* [PROBLEM TO WORK ON]:
For the entries that follow, restate word for word the line containing "Produktbild Gumby Green", the line containing "The Hysteric Black-Haired", and every line that lies between them.

----- RECORDED DATA

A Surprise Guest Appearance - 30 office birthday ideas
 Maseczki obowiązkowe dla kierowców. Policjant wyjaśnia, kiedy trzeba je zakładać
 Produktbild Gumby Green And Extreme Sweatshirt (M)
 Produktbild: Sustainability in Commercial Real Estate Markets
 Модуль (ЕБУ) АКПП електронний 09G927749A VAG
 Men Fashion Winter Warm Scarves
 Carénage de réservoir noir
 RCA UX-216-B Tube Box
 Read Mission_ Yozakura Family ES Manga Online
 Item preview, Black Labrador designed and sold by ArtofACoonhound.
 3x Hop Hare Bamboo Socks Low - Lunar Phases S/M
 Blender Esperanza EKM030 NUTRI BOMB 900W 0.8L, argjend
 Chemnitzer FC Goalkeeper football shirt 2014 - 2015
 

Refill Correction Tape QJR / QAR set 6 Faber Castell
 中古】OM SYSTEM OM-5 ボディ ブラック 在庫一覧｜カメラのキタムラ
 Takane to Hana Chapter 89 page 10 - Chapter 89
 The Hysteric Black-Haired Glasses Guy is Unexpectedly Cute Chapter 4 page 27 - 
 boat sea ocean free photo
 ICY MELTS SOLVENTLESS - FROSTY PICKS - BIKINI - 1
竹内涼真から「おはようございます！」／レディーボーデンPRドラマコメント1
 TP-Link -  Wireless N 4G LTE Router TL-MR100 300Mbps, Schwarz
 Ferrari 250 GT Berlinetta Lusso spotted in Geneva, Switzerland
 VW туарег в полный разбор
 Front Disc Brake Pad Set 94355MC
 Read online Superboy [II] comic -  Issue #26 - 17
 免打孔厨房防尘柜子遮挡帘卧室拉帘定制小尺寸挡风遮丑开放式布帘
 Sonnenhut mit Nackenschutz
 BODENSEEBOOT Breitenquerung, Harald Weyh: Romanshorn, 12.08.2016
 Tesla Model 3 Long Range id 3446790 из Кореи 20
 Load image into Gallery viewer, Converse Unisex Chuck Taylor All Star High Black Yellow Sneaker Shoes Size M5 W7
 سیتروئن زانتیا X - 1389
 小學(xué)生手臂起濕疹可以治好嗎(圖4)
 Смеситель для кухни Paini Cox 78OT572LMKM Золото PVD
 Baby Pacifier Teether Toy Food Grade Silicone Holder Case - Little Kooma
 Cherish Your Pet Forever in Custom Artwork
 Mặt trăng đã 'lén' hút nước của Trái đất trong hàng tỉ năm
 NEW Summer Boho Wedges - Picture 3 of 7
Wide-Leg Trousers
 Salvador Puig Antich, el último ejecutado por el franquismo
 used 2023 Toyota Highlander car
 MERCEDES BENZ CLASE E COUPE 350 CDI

----------

* [OUTPUT OF THE TASK]:
 Produktbild Gumby Green And Extreme Sweatshirt (M)
 Produktbild: Sustainability in Commercial Real Estate Markets
 Модуль (ЕБУ) АКПП електронний 09G927749A VAG
 Men Fashion Winter Warm Scarves
 Carénage de réservoir noir
 RCA UX-216-B Tube Box
 Read Mission_ Yozakura Family ES Manga Online
 Item preview, Black Labrador designed and sold by ArtofACoonhound.
 3x Hop Hare Bamboo Socks Low - Lunar Phases S/M
 Blender Esperanza EKM030 NUTRI BOMB 900W 0.8L, argjend
 Chemnitzer FC Goalkeeper football shirt 2014 - 2015
 

Refill Correction Tape QJR / QAR set 6 Faber Castell
 中古】OM SYSTEM OM-5 ボディ ブラック 在庫一覧｜カメラのキタムラ
 Takane to Hana Chapter 89 page 10 - Chapter 89
 The Hysteric Black-Haired Glasses Guy is Unexpectedly Cute Chapter 4 page 27 - 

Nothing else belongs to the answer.